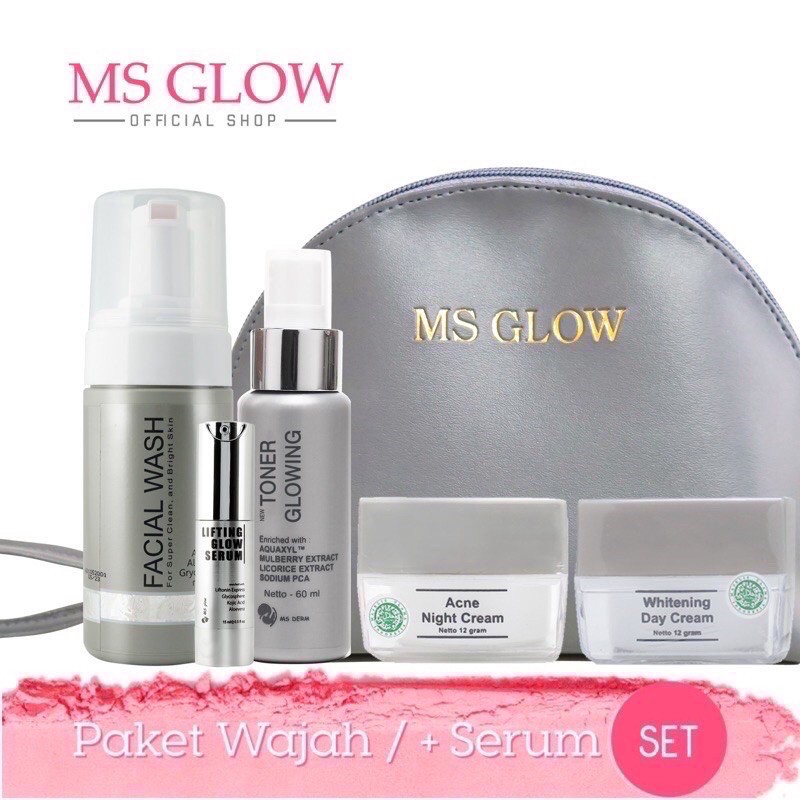 MS GLOW LENGKAP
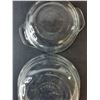 Image 2 : (3) Pyrex/Anchor Hocking Containers with Lids, Decorative Pot, Wine Glass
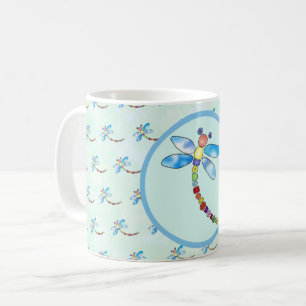 Perlenlibelle, personalized coffee cup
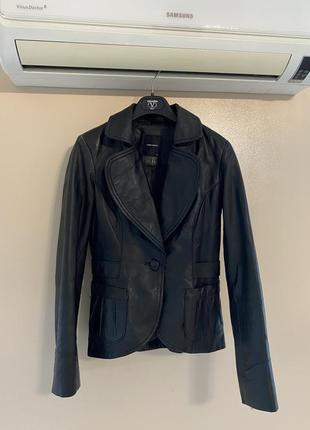 Стильная куртка италия натуральная кожа кожаная новая коллекция косуха пиджак модная скидки недорого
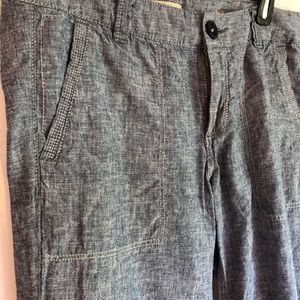Anthropologie blue jean wide leg pants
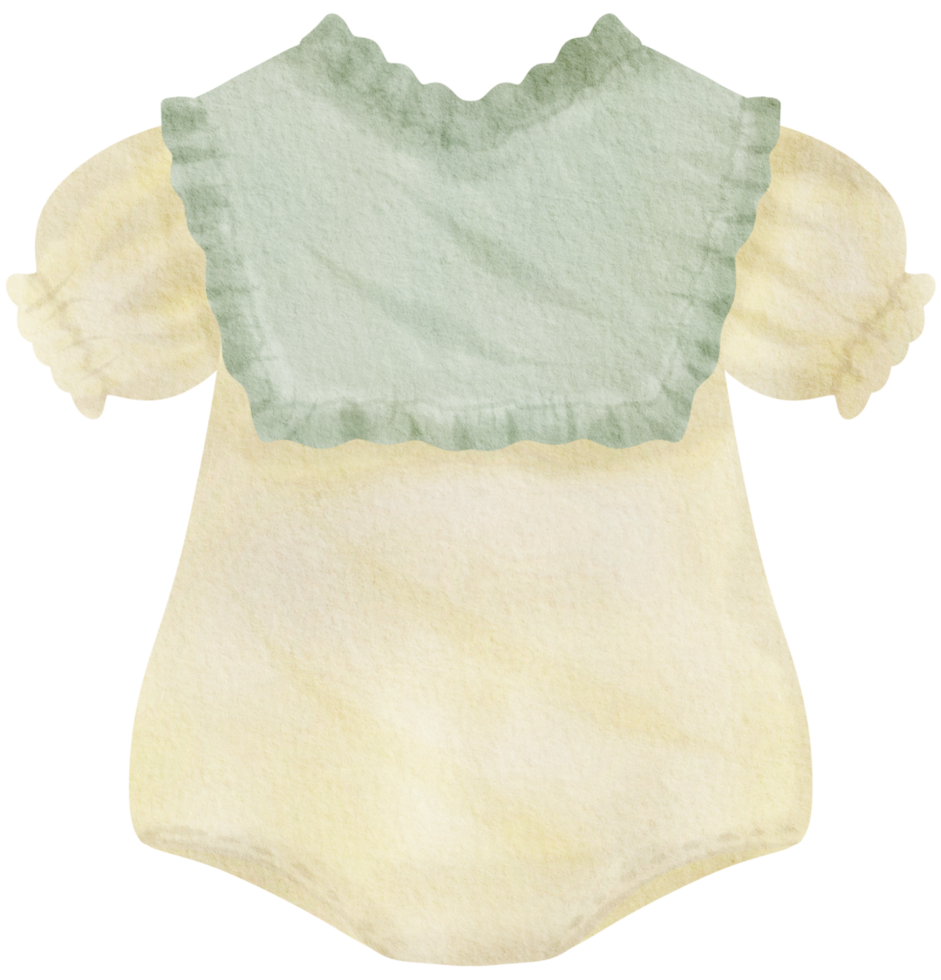 vêtements de bébé aquarelle peinture à la main png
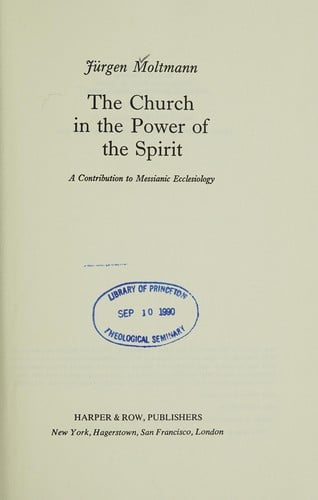 The church in the power of the spirit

******

Write out exactly the lines from the line that contains "Anthropologie blue jean wide leg pants" through the end of the material, including both ends. No pictures belong in the copy.

### Answer below
Anthropologie blue jean wide leg pants
 vêtements de bébé aquarelle peinture à la main png
 The church in the power of the spirit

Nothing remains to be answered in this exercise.